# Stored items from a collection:

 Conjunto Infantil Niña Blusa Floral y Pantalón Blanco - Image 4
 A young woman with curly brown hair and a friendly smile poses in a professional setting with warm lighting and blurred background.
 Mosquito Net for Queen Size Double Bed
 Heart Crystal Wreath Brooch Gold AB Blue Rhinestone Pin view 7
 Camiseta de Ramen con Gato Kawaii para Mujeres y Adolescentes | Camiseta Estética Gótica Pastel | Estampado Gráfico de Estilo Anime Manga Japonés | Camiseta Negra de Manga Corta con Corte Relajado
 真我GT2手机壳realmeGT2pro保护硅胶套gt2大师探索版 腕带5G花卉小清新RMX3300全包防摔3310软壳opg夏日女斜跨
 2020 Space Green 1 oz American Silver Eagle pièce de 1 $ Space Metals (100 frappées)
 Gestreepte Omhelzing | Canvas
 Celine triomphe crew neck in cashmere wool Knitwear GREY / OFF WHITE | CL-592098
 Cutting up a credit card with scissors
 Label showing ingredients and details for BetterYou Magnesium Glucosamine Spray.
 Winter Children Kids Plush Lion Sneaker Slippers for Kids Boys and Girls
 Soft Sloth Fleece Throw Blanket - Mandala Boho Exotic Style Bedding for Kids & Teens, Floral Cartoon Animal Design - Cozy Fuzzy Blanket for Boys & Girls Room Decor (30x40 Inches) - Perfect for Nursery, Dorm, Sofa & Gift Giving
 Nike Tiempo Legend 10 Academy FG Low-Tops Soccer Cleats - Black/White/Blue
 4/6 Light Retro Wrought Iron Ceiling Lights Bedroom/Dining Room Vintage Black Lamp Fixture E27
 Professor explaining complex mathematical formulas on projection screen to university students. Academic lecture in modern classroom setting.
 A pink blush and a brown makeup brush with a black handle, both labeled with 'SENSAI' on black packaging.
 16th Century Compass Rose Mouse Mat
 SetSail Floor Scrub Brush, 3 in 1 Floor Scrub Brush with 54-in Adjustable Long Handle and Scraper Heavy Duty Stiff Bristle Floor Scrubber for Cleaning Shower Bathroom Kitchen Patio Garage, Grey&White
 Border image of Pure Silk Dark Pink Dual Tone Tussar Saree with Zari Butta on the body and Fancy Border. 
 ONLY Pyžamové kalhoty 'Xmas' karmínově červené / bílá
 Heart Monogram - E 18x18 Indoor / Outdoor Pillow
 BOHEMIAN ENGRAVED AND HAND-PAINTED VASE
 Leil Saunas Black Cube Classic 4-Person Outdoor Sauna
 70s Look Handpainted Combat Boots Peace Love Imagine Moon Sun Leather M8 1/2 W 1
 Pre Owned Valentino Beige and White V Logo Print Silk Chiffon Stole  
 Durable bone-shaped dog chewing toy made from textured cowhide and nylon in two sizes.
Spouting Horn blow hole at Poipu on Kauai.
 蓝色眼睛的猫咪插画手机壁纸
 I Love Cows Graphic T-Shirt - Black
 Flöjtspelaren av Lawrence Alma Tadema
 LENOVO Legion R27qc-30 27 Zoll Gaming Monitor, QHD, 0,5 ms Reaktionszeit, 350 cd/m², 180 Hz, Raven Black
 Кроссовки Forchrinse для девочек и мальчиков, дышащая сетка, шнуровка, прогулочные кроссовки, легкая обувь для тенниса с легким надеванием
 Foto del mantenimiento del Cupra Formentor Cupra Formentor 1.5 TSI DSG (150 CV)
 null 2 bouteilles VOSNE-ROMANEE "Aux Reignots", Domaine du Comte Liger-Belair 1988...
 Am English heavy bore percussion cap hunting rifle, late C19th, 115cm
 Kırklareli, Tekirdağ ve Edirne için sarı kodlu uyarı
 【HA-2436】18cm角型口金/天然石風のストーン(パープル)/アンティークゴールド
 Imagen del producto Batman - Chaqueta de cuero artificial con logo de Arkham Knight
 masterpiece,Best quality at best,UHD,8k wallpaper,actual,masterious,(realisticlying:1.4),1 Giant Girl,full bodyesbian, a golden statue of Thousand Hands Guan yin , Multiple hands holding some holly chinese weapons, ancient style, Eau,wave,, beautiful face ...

# INSTRUCTIONS TO FOLLOW:
Return a copy of each line in the records above that has "setting" in it.

# PROBLEM SOLUTION:
 A young woman with curly brown hair and a friendly smile poses in a professional setting with warm lighting and blurred background.
 Professor explaining complex mathematical formulas on projection screen to university students. Academic lecture in modern classroom setting.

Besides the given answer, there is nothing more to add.